• _Data for this task_
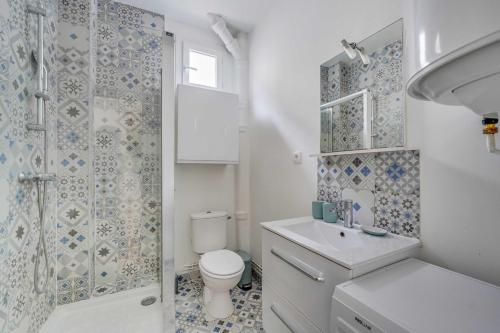 Душ, Charming Apartment 2BR 4P - Saint-Cloud in Сан-Клюд
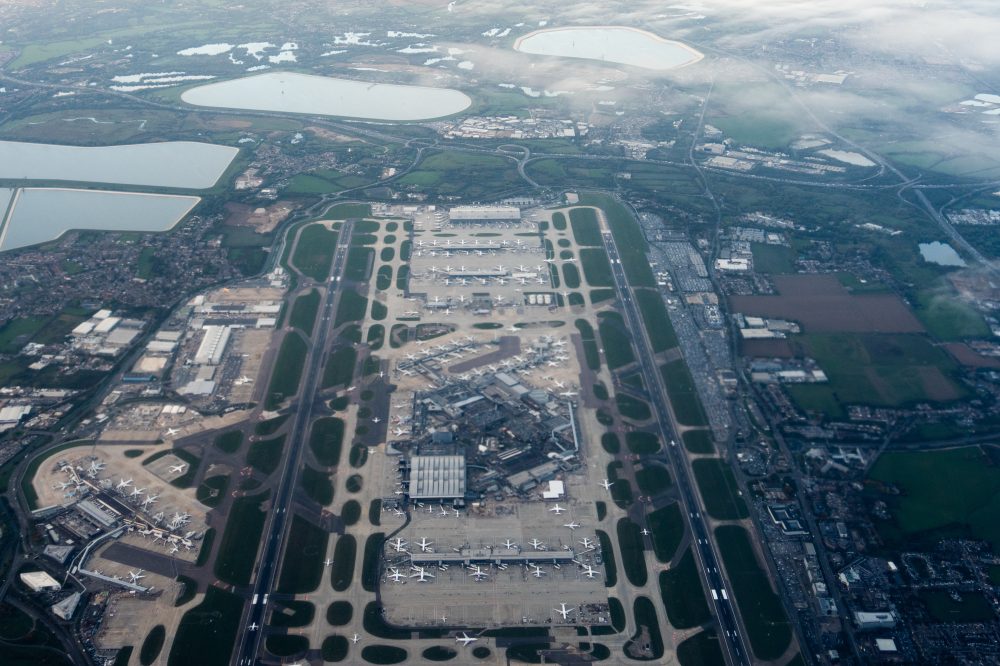 Travel chaos at UK airports as over 600 flights canceled due to air traffic control issue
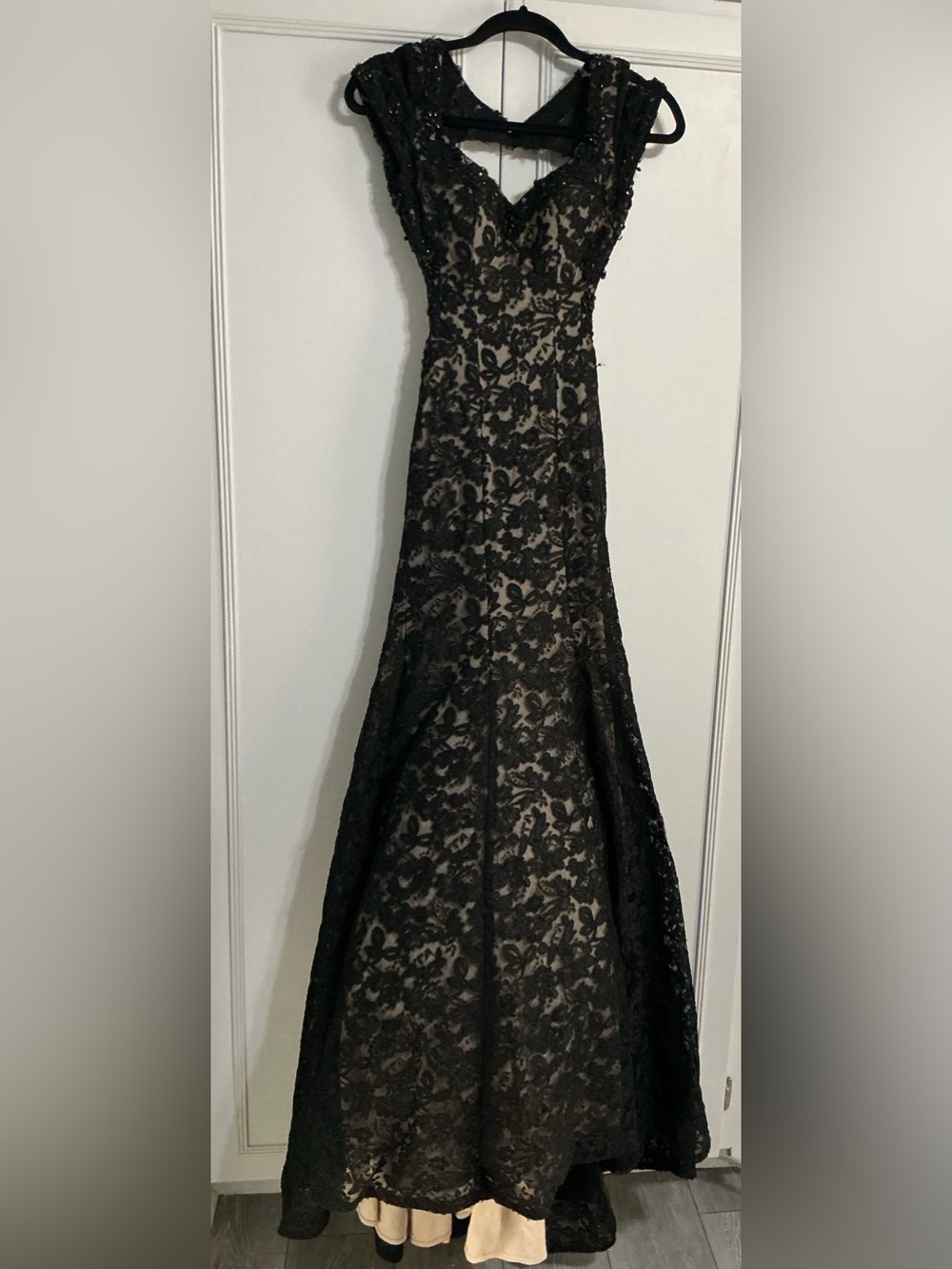 COLORS Black Lace Open Back Mermaid Dress 1131 size 0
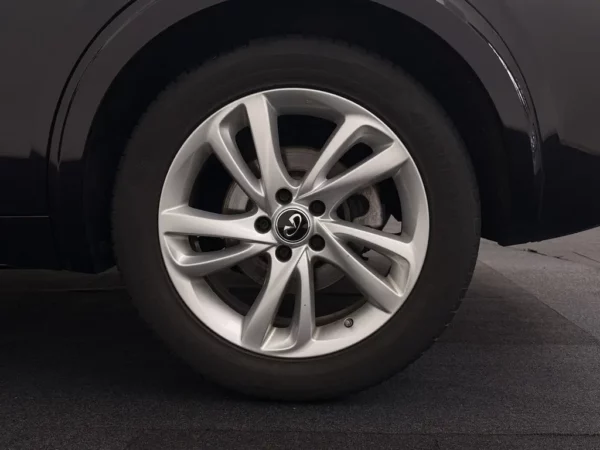 Photo 6 of 24 of SJKDDAH15U1002579 Infiniti Q30 1.6t Premium Navi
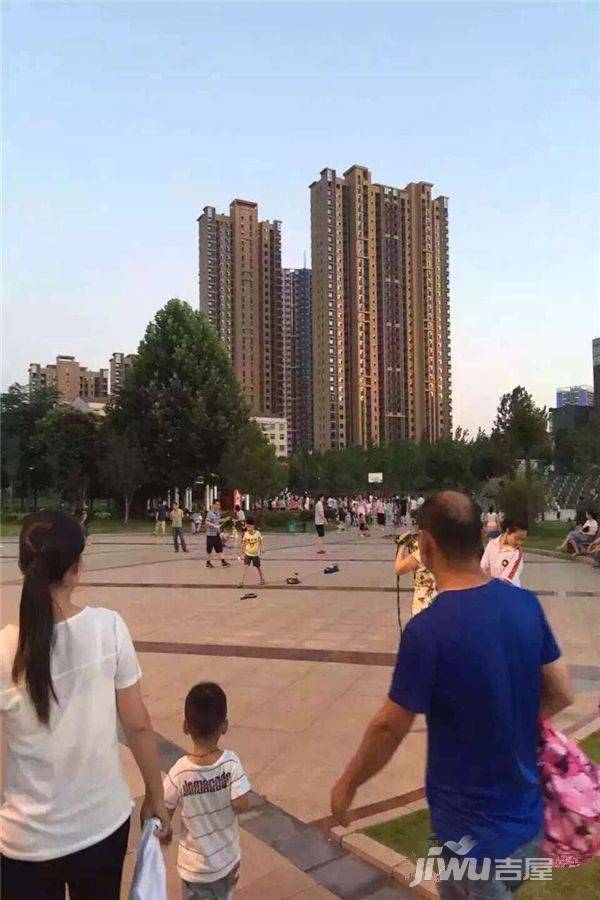 观湖天下实景图图片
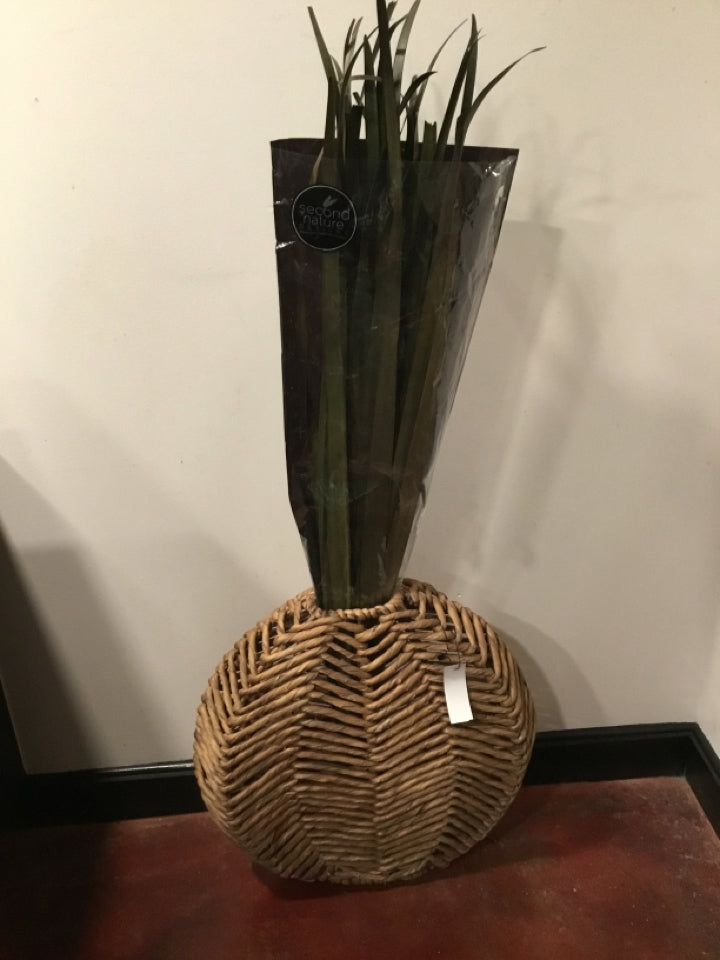 Natural Seagrass w/Plant Vase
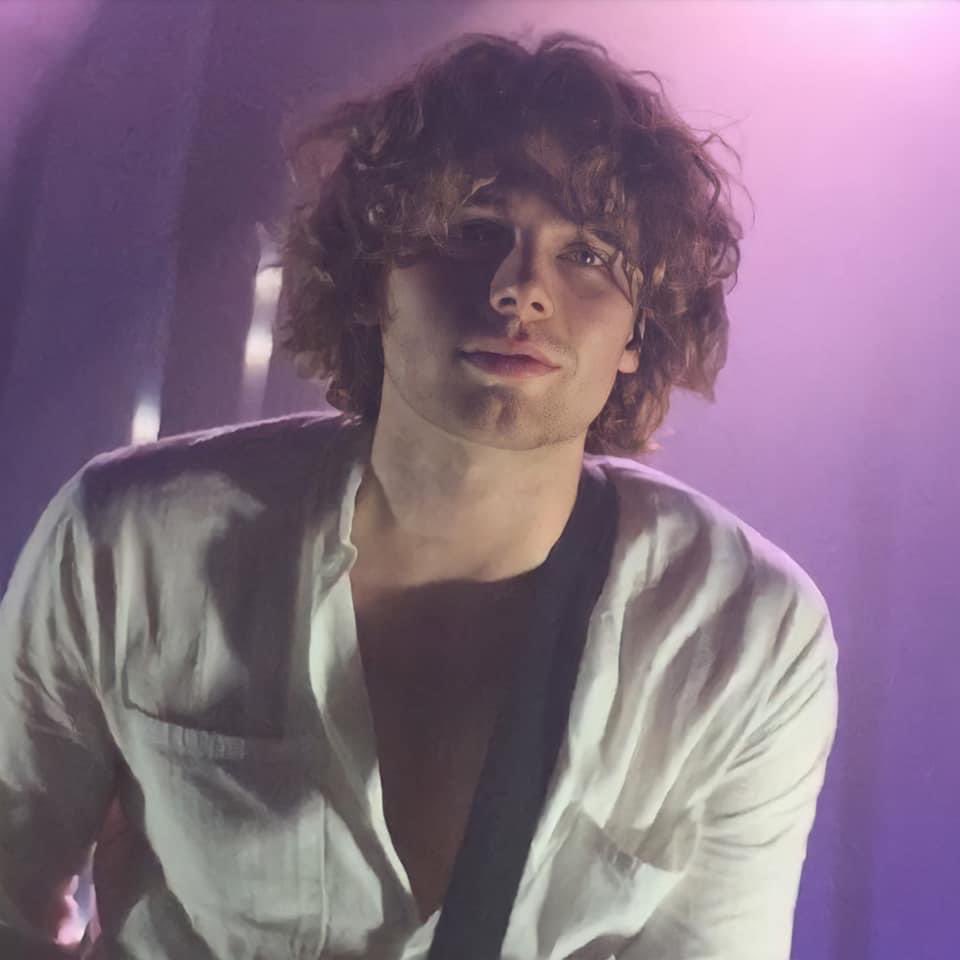 lb_luvs_mochi's tweet image. Happy Birthday to the gorgeous creative musical genius. Thank you for gracing this world with your talent Luke Hemmings 🤍🤍 #beautiful #5SOS #StreamStartingLine #HappybirthdayLuke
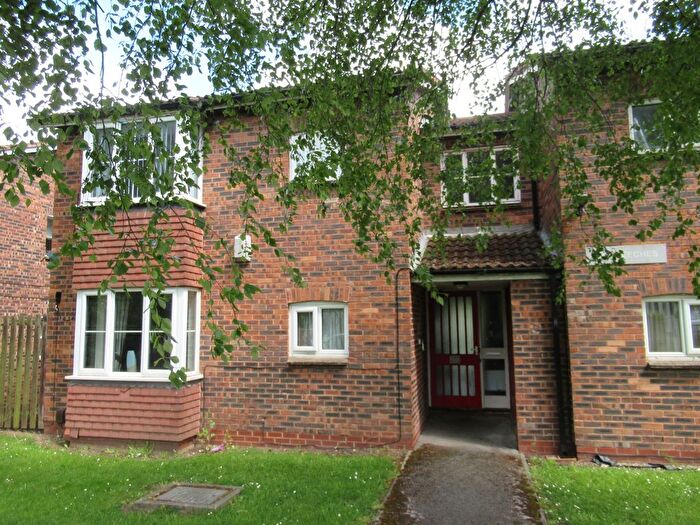 1 Bedroom Flat To Rent In The Beeches, Highfield South, Rock Ferry, Birkenhead, CH42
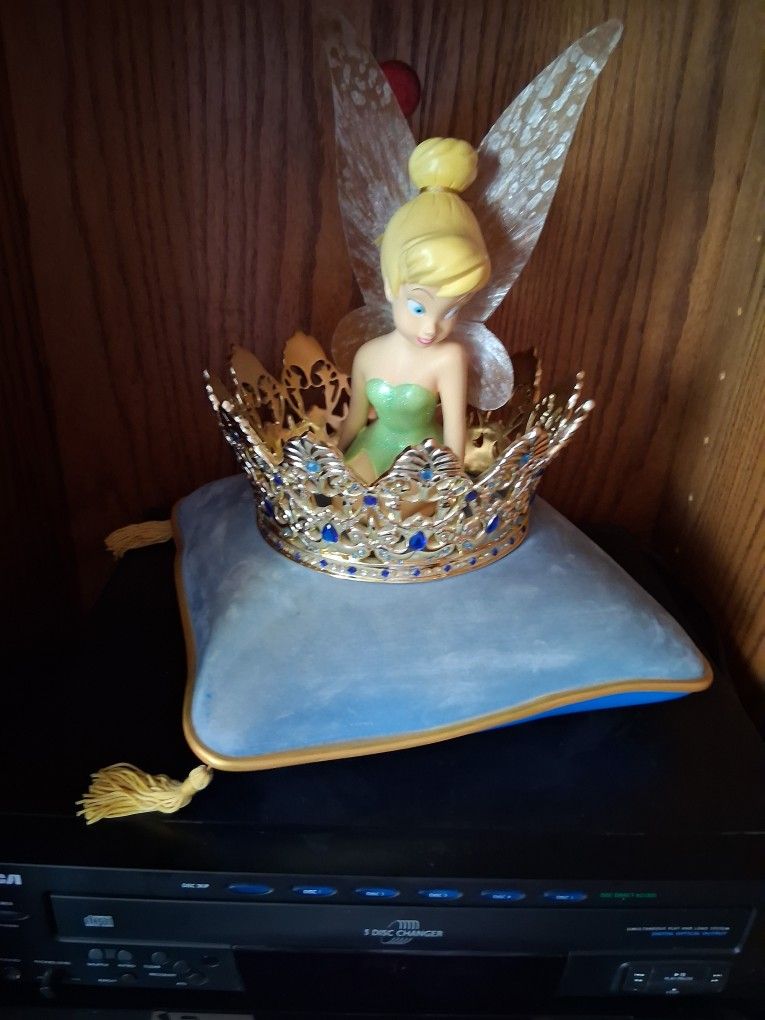 Disney Big Fig Tinker Bell Crown Statue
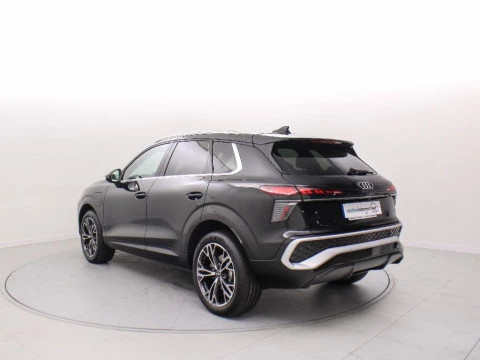 Audi Q3 AUDI Q3 SUV LAUNCH EDITION E-HYBRID 200 KW S TRONIC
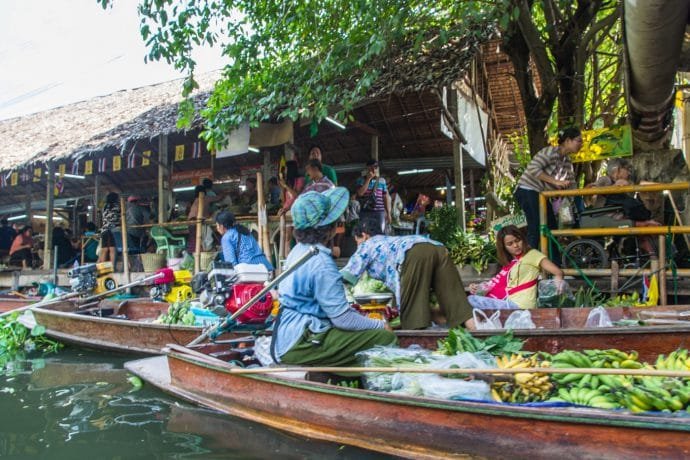 barques au marché flottant de lat mayom - bangkok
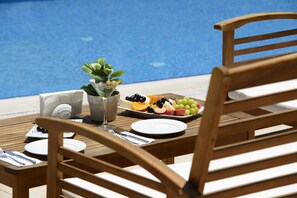 Outdoor pool - North Point Hotel (Denizli)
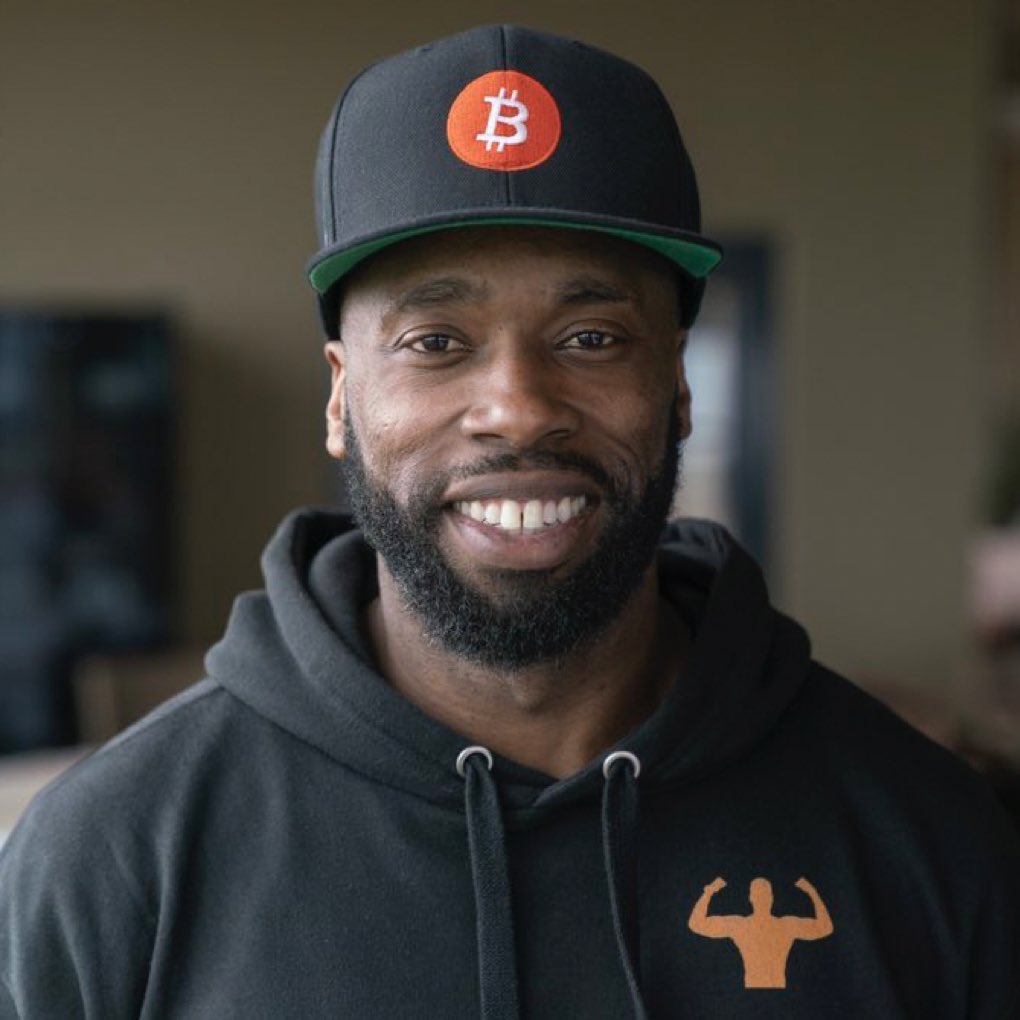 JosiasCarbon's tweet photo. When they ask, ‘Do you work for Bitcoin/bitcoin?’ 🤔
and you respond with ‘No &amp; Yes.’ 😉🤣

Few.

#BIGB #smallb https://t.co/J7Q5RFRZkH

• _Directions_
Where the line containing "1 Bedroom Flat" appears, begin writing out the lines word for word, and continue through the last line of the data, leaving out pictures.

• _Problem solution_
 1 Bedroom Flat To Rent In The Beeches, Highfield South, Rock Ferry, Birkenhead, CH42
 Disney Big Fig Tinker Bell Crown Statue
 Audi Q3 AUDI Q3 SUV LAUNCH EDITION E-HYBRID 200 KW S TRONIC
 barques au marché flottant de lat mayom - bangkok
 Outdoor pool - North Point Hotel (Denizli)
 JosiasCarbon's tweet photo. When they ask, ‘Do you work for Bitcoin/bitcoin?’ 🤔
and you respond with ‘No &amp; Yes.’ 😉🤣

Few.

#BIGB #smallb https://t.co/J7Q5RFRZkH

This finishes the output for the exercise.